Если на рынке имеется более двух лиц и более двух видов товаров, становится возможен косвенный обмен. Участник A может приобретать товар р не потому, что хочет потребить его, а для того, чтобы обменять его на другой товар, q, который он хотел бы потребить. Предположим, А приносит на рынок две единицы товара m, участник B — две единицы товара n, а участник C — две единицы товара о. Пусть А хочет получить по одной единице товаров n и о, B — по одной единице товаров о и m, а C — по одной единице товаров m и n. Даже в этом случае прямой обмен возможен, если субъективные оценки этих товаров позволяют обменять каждую единицу m, n и о на каждую единицу любого другого из этих трех товаров. Однако когда это или сходное с этим условие не выполняется в точности и когда большее число участников всех рыночных сделок не позволяет легко обмениваться непосредственно, требуется косвенный обмен. Спрос на блага для непосредственного удовлетворения нужд дополняется спросом на блага, которые нужны для обмена на другие блага[7].

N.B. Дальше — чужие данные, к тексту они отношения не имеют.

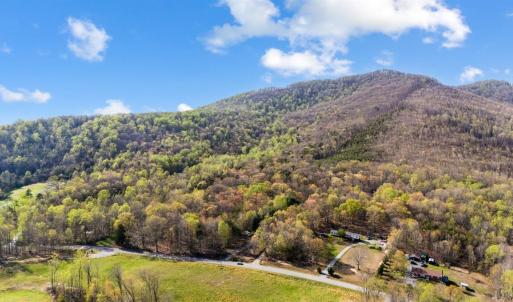Photo #96 of 4797 Rocky Ford Road, Bedford, VA 130.6 acres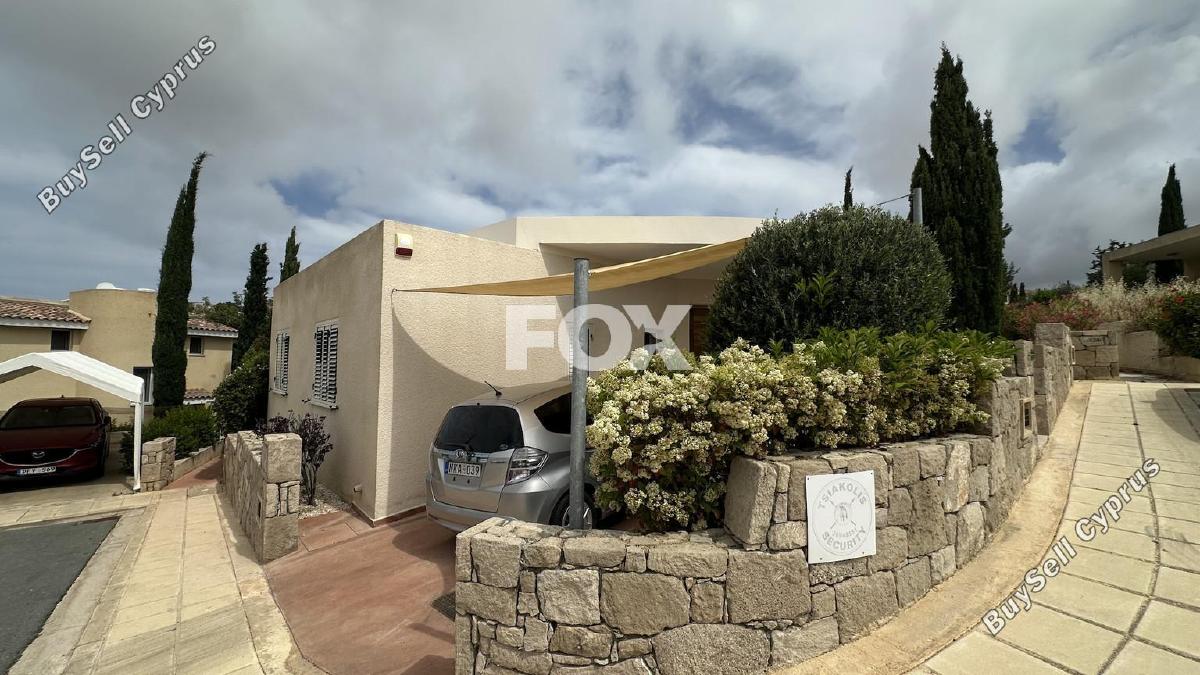 3 bedroom bungalow for sale chlorakas paphos 8675591 image 16058448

Рассмотрим в качестве примера простой случай, при котором товар р нужен только тем участникам обмена, которые располагают товаром q, в то время как товар q не нужен участникам, обладающим товаром р. Но товар q нужен обладателям третьего товара, скажем, г. Причем этот товар г, в свою очередь, нужен только тем участникам обмена, которые обладают товаром р. В этой ситуации между указанными лицами невозможен никакой прямой обмен. Если каким-то обменам и суждено состояться, то эти обмены должен быть косвенными. Например, как в том случае, когда обладатели товара p обменивают его на товар q, чтобы затем обменять товар q на товар г, т. е. на то единственное, что они хотели бы иметь для своего собственного потребления. Похожая ситуация возникает, когда предложение и спрос не совпадают количественно, например когда некое неделимое благо должно быть обменено на различные блага, имеющиеся в распоряжении нескольких лиц.
По мере углубления разделения труда и усложнения потребностей косвенный обмен становится все более настоятельной необходимостью. На современной стадии экономического развития ситуации, когда прямой обмен одновременно и возможен, и осуществляется на практике, исключительно редки. Тем не менее даже сегодня такое иногда происходит. Рассмотрим, например, выдачу зарплаты товарами. Это будет прямым обменом, если, с одной стороны, наниматель использует труд для непосредственного удовлетворения своих собственных потребностей (а не должен обеспечивать их путем обмена на блага, за которые уплачена зарплата), и если, с другой стороны, работник непосредственно потребляет товары, полученные им в качестве зарплаты, а не продает их. Такая оплата труда товарами все еще широко распространена в сельском хозяйстве, хотя и в этой отрасли ее значение непрерывно уменьшается по мере распространения капиталистических методов управления и развития разделения труда[8].